Verwaltung & IT: Digitalisierung = Jobabbau
In Vertrieb, Verwaltung und IT sollen jeweils rund 100 Millionen Euro wegfallen. Besonders betroffen: die Zentrale in Leinfelden-Echterdingen bei Stuttgart. Hier sollen 20 Prozent der Stellen abgebaut werden.
„Unsere Effizienzmaßnahmen in den Zentral- und Verwaltungsfunktionen führen zu einem Wegfall von zirka 20 Prozent der Stellen.“
– Achim Puchert
Die Digitalisierung wird dabei nicht als Chance zur Qualifizierung genutzt – sondern schlicht als Sparmaßnahme. Weiterbildung? Umschulung? Fehlanzeige. Der Abbau trifft vor allem administrative und unterstützende Funktionen – gerade jene, die für das operative Rückgrat des Unternehmens sorgen.
Rhetorik des Fortschritts, Realität des Abbaus
„Lasst uns Daimler Truck auf das nächste Level bringen – gemeinsam, als ein starkes Team.“
– Karin Rådström
Doch was bedeutet „gemeinsam“, wenn tausende Menschen den Konzern verlassen müssen?

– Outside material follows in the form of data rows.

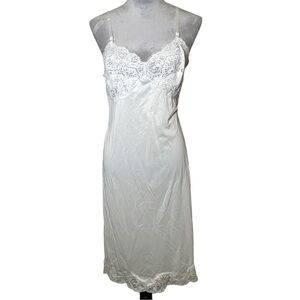 Elegant White Lace Slip Dress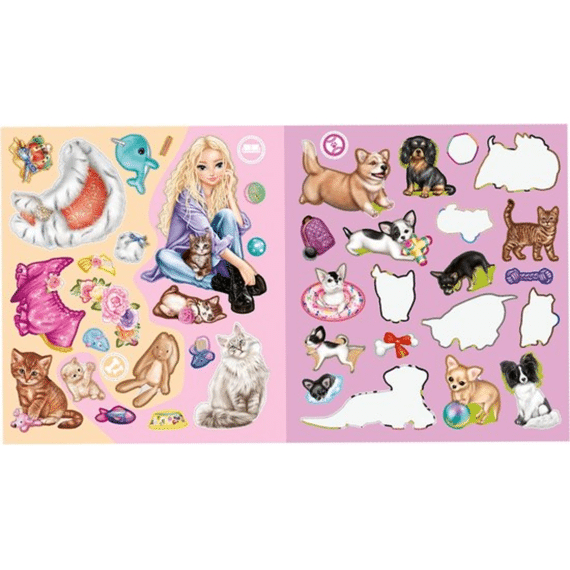 Topmodel Stickerworld Kitty and Friends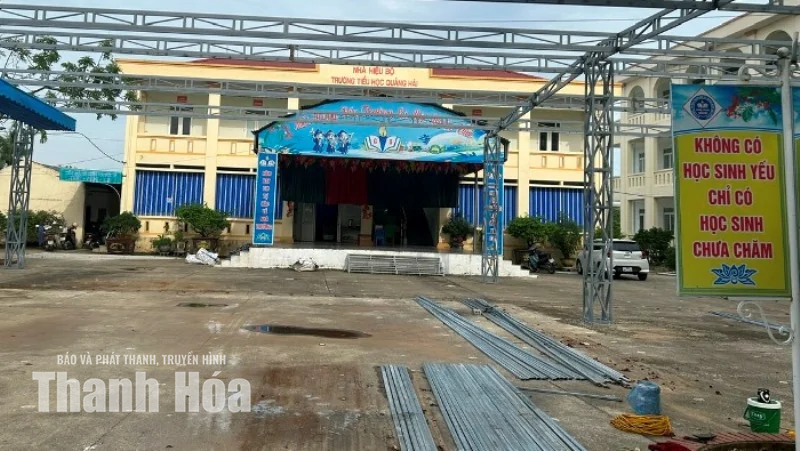 Sẵn sàng cho ngày hội khai trường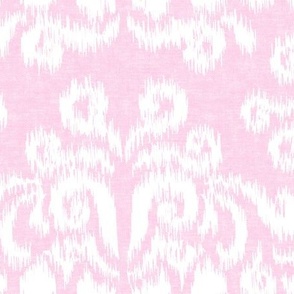 (jumbo scale) Ikat - pink - coastal - LAD24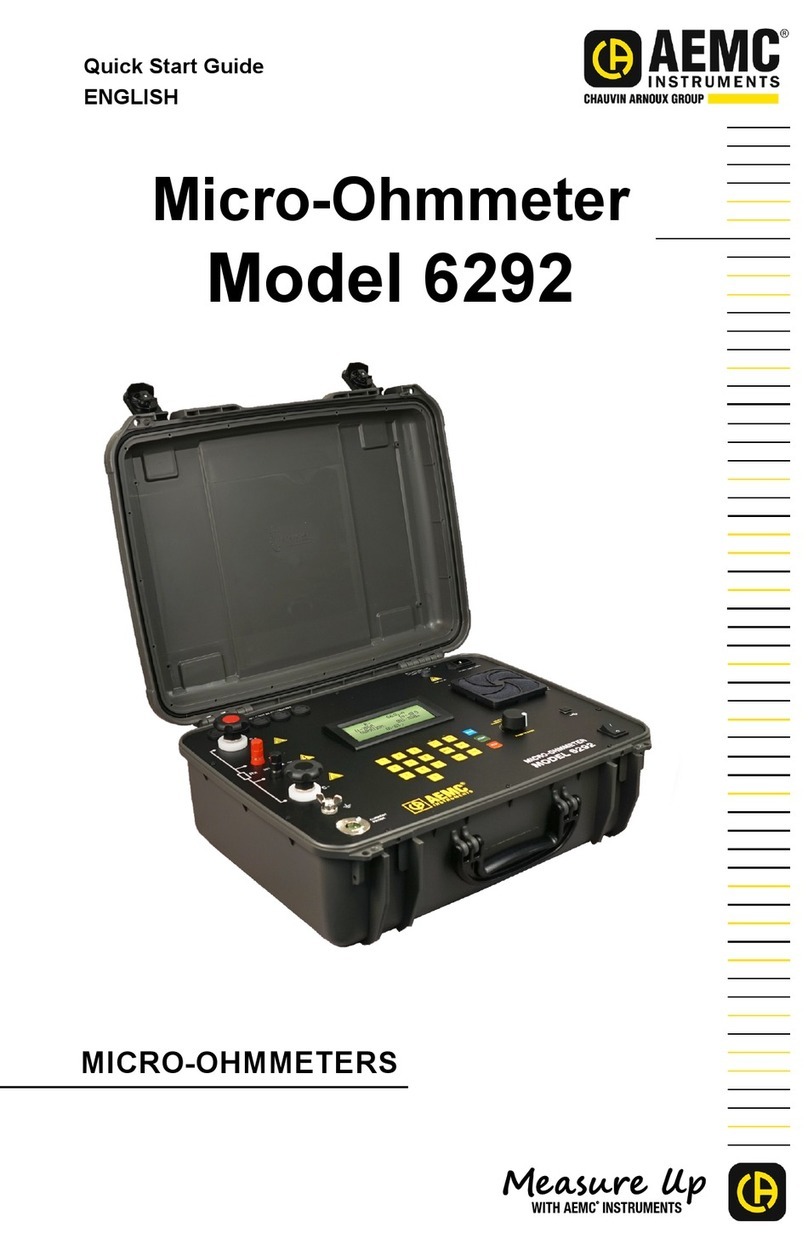 AEMC instruments 6292 User manual
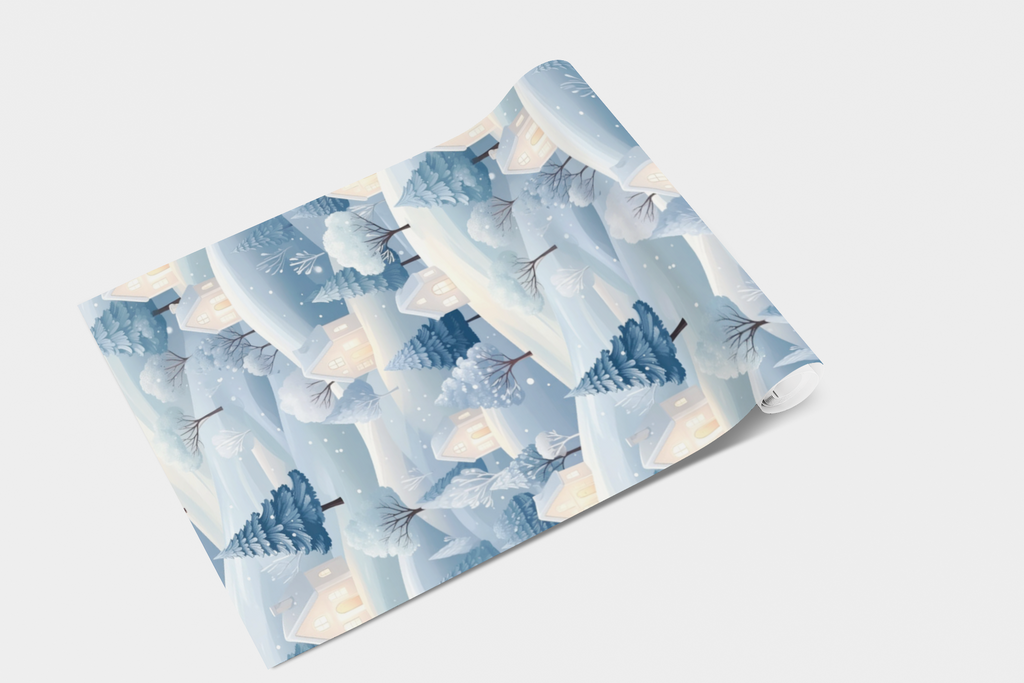 Ice Crystal Village Wallpaper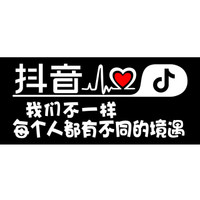 车动力 抖音车贴汽车贴纸反光贴文字 抖音同款汽车用品车贴纸 单行字:我们不一样 抖音车贴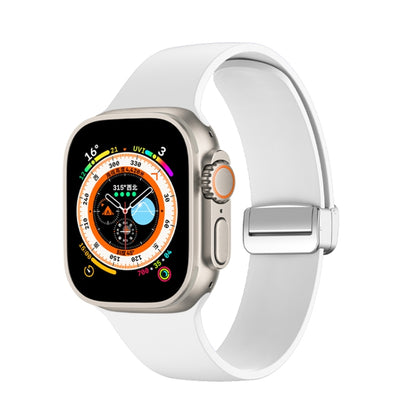 Bracelet de montre en silicone à boucle déployante, For Apple Watch Ultra 49mm, For Apple Watch Series 8&7 45mm / SE 2&6&SE&5&4 44mm / 3&2&1 42mm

Was heißt „Team“, wenn Prozesse ausgelagert, Standorte entkernt und Beschäftigte durch externe Dienstleister ersetzt werden?
Gleichzeitig setzt die Unternehmenskommunikation auf sprachliche Beschönigung:
„Stellenentfall“, „zielgerichtete Abfindungen“, „natürliche Fluktuation“ – Formulierungen, die soziale Härten verschleiern.
Der Gesamtbetriebsrat zwischen Anspruch und Wirklichkeit
Der Gesamtbetriebsrat betont, man habe „alle Standorte abgesichert“ – doch mit Blick auf das Gesamtbild zeigt sich: Die Belegschaft zahlt den Preis für Renditeziele, Aktienrückkäufe (weitere 2 Milliarden Euro bis 2027) und Wachstumsversprechen an die Börse. Die Rendite soll auf über 12 Prozent steigen – im besten Fall sogar auf 13 Prozent, um mit Volvo Trucks gleichzuziehen.
„Sparen allein ist keine Strategie. Wir brauchen gute Produkte und eine klare Wachstumsstrategie.“
– Michael Brecht
Richtig – aber diese Forderung kommt spät. Viele Beschäftigte hätten sich das vor den Verhandlungen im Mai gewünscht, nicht erst danach.
Fazit: Fortschritt mit sozialer Schieflage
„Stronger 2030“ ist ein Programm der unternehmerischen Klarheit – aber auch eines der sozialen Unsicherheit. Während Investoren klare Botschaften und hohe Ausschüttungen erhalten, bleiben viele Beschäftigte im Unklaren über ihre eigene Zukunft.
Der Zukunftstarifvertrag bleibt intransparent, die versprochene „Absicherung“ formal – aber kaum erlebbar. Die neue „Leistungskultur“ klingt gut – aber sie basiert auf Abbau, Verlagerung und Verdichtung.
„Wir haben, was es braucht, um erfolgreich zu sein.“
– Karin Rådström
Mag sein.
Aber: Wer gehört am Ende noch zu diesem „Wir“ – und wer nicht?